(Web page caption snippets)
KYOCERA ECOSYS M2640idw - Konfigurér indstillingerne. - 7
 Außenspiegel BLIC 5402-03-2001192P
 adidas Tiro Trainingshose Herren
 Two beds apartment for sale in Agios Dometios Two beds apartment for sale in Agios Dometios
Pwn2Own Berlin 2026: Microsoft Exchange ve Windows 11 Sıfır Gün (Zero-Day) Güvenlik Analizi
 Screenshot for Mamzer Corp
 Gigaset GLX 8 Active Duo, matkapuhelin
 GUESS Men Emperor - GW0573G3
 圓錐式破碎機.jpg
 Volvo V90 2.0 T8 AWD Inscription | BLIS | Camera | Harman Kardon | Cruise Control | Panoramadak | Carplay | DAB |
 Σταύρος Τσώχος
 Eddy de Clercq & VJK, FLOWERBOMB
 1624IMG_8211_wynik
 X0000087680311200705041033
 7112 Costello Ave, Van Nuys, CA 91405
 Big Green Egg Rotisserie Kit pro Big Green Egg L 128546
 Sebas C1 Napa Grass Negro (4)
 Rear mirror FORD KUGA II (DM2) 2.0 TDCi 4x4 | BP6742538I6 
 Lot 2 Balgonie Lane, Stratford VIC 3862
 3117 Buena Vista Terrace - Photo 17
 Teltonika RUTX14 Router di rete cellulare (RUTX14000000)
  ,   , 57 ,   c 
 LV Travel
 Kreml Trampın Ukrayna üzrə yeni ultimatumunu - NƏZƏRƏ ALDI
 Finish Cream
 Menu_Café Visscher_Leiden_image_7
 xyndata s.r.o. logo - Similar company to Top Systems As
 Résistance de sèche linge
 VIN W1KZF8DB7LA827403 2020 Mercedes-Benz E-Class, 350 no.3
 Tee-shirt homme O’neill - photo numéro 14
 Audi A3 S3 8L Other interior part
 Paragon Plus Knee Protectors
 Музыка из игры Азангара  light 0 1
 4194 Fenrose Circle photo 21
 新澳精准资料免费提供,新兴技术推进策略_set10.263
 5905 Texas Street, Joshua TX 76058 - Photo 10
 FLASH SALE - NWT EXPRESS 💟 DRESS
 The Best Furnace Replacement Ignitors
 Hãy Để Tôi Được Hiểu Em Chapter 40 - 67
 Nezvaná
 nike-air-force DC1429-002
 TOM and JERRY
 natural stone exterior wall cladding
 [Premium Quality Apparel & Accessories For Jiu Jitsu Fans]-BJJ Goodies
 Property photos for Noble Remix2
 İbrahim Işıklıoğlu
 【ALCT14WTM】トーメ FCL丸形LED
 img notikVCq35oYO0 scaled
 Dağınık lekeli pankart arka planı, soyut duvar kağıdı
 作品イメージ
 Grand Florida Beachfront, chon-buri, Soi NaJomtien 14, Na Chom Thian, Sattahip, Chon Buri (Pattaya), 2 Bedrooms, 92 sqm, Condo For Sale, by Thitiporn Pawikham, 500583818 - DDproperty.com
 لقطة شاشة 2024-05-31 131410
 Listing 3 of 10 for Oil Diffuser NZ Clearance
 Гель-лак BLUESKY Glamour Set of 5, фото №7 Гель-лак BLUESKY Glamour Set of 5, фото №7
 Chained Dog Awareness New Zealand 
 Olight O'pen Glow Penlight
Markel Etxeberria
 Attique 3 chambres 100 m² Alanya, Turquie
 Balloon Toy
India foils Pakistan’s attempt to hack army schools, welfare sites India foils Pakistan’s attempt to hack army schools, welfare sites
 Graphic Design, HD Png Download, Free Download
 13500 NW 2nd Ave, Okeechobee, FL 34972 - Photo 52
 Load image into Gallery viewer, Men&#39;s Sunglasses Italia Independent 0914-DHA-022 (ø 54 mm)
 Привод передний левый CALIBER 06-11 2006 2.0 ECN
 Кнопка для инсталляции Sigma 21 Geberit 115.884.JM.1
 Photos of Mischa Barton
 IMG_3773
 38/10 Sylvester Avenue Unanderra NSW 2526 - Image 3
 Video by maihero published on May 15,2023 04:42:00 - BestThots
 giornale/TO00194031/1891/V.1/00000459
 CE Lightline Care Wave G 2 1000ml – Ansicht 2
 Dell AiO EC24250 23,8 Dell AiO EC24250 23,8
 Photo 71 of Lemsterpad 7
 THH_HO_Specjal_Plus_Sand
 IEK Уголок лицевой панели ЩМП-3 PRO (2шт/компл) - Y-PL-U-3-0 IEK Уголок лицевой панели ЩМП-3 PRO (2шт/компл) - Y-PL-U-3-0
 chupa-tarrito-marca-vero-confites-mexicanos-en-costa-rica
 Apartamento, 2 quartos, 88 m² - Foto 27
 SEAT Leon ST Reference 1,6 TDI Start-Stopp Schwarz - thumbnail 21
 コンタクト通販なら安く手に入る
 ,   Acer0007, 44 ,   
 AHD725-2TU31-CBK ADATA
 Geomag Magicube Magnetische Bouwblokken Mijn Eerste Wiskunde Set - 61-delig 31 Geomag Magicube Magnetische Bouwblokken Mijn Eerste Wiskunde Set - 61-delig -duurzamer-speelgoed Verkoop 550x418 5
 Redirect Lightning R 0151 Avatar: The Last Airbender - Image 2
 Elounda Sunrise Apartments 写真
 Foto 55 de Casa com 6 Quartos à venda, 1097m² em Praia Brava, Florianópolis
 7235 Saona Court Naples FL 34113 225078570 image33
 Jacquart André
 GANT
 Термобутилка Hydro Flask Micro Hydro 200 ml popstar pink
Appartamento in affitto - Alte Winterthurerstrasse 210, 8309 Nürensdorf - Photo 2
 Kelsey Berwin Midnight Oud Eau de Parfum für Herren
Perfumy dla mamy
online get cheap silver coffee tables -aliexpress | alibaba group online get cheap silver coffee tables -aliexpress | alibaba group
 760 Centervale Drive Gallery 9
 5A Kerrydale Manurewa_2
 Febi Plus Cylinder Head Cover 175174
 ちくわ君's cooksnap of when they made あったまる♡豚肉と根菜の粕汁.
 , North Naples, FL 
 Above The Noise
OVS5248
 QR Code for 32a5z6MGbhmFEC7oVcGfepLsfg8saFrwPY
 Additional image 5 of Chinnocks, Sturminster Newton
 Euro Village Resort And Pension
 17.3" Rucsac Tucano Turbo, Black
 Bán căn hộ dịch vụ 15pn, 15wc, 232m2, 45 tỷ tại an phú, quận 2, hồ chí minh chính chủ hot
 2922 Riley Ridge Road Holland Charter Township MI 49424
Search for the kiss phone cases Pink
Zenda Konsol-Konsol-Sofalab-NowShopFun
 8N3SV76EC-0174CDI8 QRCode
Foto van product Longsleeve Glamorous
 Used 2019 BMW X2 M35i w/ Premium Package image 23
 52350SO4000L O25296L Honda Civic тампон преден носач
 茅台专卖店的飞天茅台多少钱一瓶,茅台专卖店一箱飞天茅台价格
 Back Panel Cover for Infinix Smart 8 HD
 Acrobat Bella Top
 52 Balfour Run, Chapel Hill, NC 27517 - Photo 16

- [Aim of the task]
Each line above must be printed exactly as it appears.

- [Result below]
KYOCERA ECOSYS M2640idw - Konfigurér indstillingerne. - 7
 Außenspiegel BLIC 5402-03-2001192P
 adidas Tiro Trainingshose Herren
 Two beds apartment for sale in Agios Dometios Two beds apartment for sale in Agios Dometios
Pwn2Own Berlin 2026: Microsoft Exchange ve Windows 11 Sıfır Gün (Zero-Day) Güvenlik Analizi
 Screenshot for Mamzer Corp
 Gigaset GLX 8 Active Duo, matkapuhelin
 GUESS Men Emperor - GW0573G3
 圓錐式破碎機.jpg
 Volvo V90 2.0 T8 AWD Inscription | BLIS | Camera | Harman Kardon | Cruise Control | Panoramadak | Carplay | DAB |
 Σταύρος Τσώχος
 Eddy de Clercq & VJK, FLOWERBOMB
 1624IMG_8211_wynik
 X0000087680311200705041033
 7112 Costello Ave, Van Nuys, CA 91405
 Big Green Egg Rotisserie Kit pro Big Green Egg L 128546
 Sebas C1 Napa Grass Negro (4)
 Rear mirror FORD KUGA II (DM2) 2.0 TDCi 4x4 | BP6742538I6 
 Lot 2 Balgonie Lane, Stratford VIC 3862
 3117 Buena Vista Terrace - Photo 17
 Teltonika RUTX14 Router di rete cellulare (RUTX14000000)
  ,   , 57 ,   c 
 LV Travel
 Kreml Trampın Ukrayna üzrə yeni ultimatumunu - NƏZƏRƏ ALDI
 Finish Cream
 Menu_Café Visscher_Leiden_image_7
 xyndata s.r.o. logo - Similar company to Top Systems As
 Résistance de sèche linge
 VIN W1KZF8DB7LA827403 2020 Mercedes-Benz E-Class, 350 no.3
 Tee-shirt homme O’neill - photo numéro 14
 Audi A3 S3 8L Other interior part
 Paragon Plus Knee Protectors
 Музыка из игры Азангара  light 0 1
 4194 Fenrose Circle photo 21
 新澳精准资料免费提供,新兴技术推进策略_set10.263
 5905 Texas Street, Joshua TX 76058 - Photo 10
 FLASH SALE - NWT EXPRESS 💟 DRESS
 The Best Furnace Replacement Ignitors
 Hãy Để Tôi Được Hiểu Em Chapter 40 - 67
 Nezvaná
 nike-air-force DC1429-002
 TOM and JERRY
 natural stone exterior wall cladding
 [Premium Quality Apparel & Accessories For Jiu Jitsu Fans]-BJJ Goodies
 Property photos for Noble Remix2
 İbrahim Işıklıoğlu
 【ALCT14WTM】トーメ FCL丸形LED
 img notikVCq35oYO0 scaled
 Dağınık lekeli pankart arka planı, soyut duvar kağıdı
 作品イメージ
 Grand Florida Beachfront, chon-buri, Soi NaJomtien 14, Na Chom Thian, Sattahip, Chon Buri (Pattaya), 2 Bedrooms, 92 sqm, Condo For Sale, by Thitiporn Pawikham, 500583818 - DDproperty.com
 لقطة شاشة 2024-05-31 131410
 Listing 3 of 10 for Oil Diffuser NZ Clearance
 Гель-лак BLUESKY Glamour Set of 5, фото №7 Гель-лак BLUESKY Glamour Set of 5, фото №7
 Chained Dog Awareness New Zealand 
 Olight O'pen Glow Penlight
Markel Etxeberria
 Attique 3 chambres 100 m² Alanya, Turquie
 Balloon Toy
India foils Pakistan’s attempt to hack army schools, welfare sites India foils Pakistan’s attempt to hack army schools, welfare sites
 Graphic Design, HD Png Download, Free Download
 13500 NW 2nd Ave, Okeechobee, FL 34972 - Photo 52
 Load image into Gallery viewer, Men&#39;s Sunglasses Italia Independent 0914-DHA-022 (ø 54 mm)
 Привод передний левый CALIBER 06-11 2006 2.0 ECN
 Кнопка для инсталляции Sigma 21 Geberit 115.884.JM.1
 Photos of Mischa Barton
 IMG_3773
 38/10 Sylvester Avenue Unanderra NSW 2526 - Image 3
 Video by maihero published on May 15,2023 04:42:00 - BestThots
 giornale/TO00194031/1891/V.1/00000459
 CE Lightline Care Wave G 2 1000ml – Ansicht 2
 Dell AiO EC24250 23,8 Dell AiO EC24250 23,8
 Photo 71 of Lemsterpad 7
 THH_HO_Specjal_Plus_Sand
 IEK Уголок лицевой панели ЩМП-3 PRO (2шт/компл) - Y-PL-U-3-0 IEK Уголок лицевой панели ЩМП-3 PRO (2шт/компл) - Y-PL-U-3-0
 chupa-tarrito-marca-vero-confites-mexicanos-en-costa-rica
 Apartamento, 2 quartos, 88 m² - Foto 27
 SEAT Leon ST Reference 1,6 TDI Start-Stopp Schwarz - thumbnail 21
 コンタクト通販なら安く手に入る
 ,   Acer0007, 44 ,   
 AHD725-2TU31-CBK ADATA
 Geomag Magicube Magnetische Bouwblokken Mijn Eerste Wiskunde Set - 61-delig 31 Geomag Magicube Magnetische Bouwblokken Mijn Eerste Wiskunde Set - 61-delig -duurzamer-speelgoed Verkoop 550x418 5
 Redirect Lightning R 0151 Avatar: The Last Airbender - Image 2
 Elounda Sunrise Apartments 写真
 Foto 55 de Casa com 6 Quartos à venda, 1097m² em Praia Brava, Florianópolis
 7235 Saona Court Naples FL 34113 225078570 image33
 Jacquart André
 GANT
 Термобутилка Hydro Flask Micro Hydro 200 ml popstar pink
Appartamento in affitto - Alte Winterthurerstrasse 210, 8309 Nürensdorf - Photo 2
 Kelsey Berwin Midnight Oud Eau de Parfum für Herren
Perfumy dla mamy
online get cheap silver coffee tables -aliexpress | alibaba group online get cheap silver coffee tables -aliexpress | alibaba group
 760 Centervale Drive Gallery 9
 5A Kerrydale Manurewa_2
 Febi Plus Cylinder Head Cover 175174
 ちくわ君's cooksnap of when they made あったまる♡豚肉と根菜の粕汁.
 , North Naples, FL 
 Above The Noise
OVS5248
 QR Code for 32a5z6MGbhmFEC7oVcGfepLsfg8saFrwPY
 Additional image 5 of Chinnocks, Sturminster Newton
 Euro Village Resort And Pension
 17.3" Rucsac Tucano Turbo, Black
 Bán căn hộ dịch vụ 15pn, 15wc, 232m2, 45 tỷ tại an phú, quận 2, hồ chí minh chính chủ hot
 2922 Riley Ridge Road Holland Charter Township MI 49424
Search for the kiss phone cases Pink
Zenda Konsol-Konsol-Sofalab-NowShopFun
 8N3SV76EC-0174CDI8 QRCode
Foto van product Longsleeve Glamorous
 Used 2019 BMW X2 M35i w/ Premium Package image 23
 52350SO4000L O25296L Honda Civic тампон преден носач
 茅台专卖店的飞天茅台多少钱一瓶,茅台专卖店一箱飞天茅台价格
 Back Panel Cover for Infinix Smart 8 HD
 Acrobat Bella Top
 52 Balfour Run, Chapel Hill, NC 27517 - Photo 16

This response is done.